*** Supplied data ***

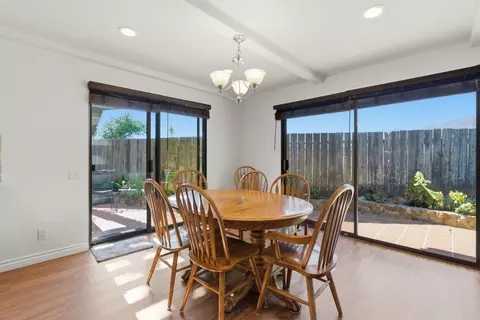 Dining - 4436 Mesa Ln, Carpinteria, CA 93013 photo 2 of 3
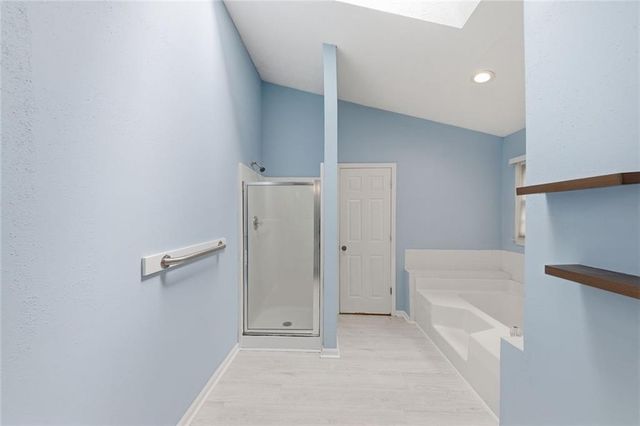 310 Crescentview Court, Lawrenceville, GA 30044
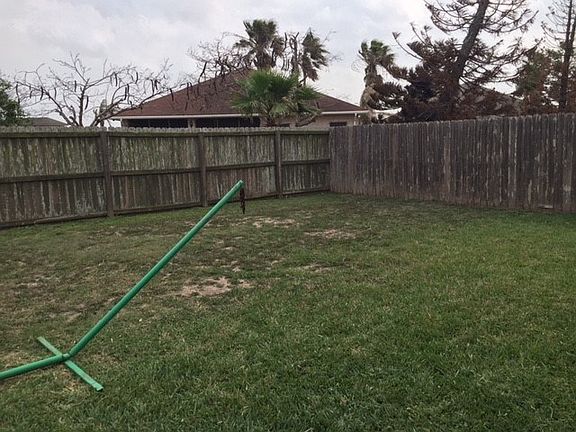 4th image of 1216 Fresno Ct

*** End of Supplied data ***

What you are asked to do: All lines from the line with "310 Crescentview Court, Lawrenceville, GA" through the final line of the listing are to be printed exactly, both ends included; the pictures are not.

Solution for this task:
 310 Crescentview Court, Lawrenceville, GA 30044
 4th image of 1216 Fresno Ct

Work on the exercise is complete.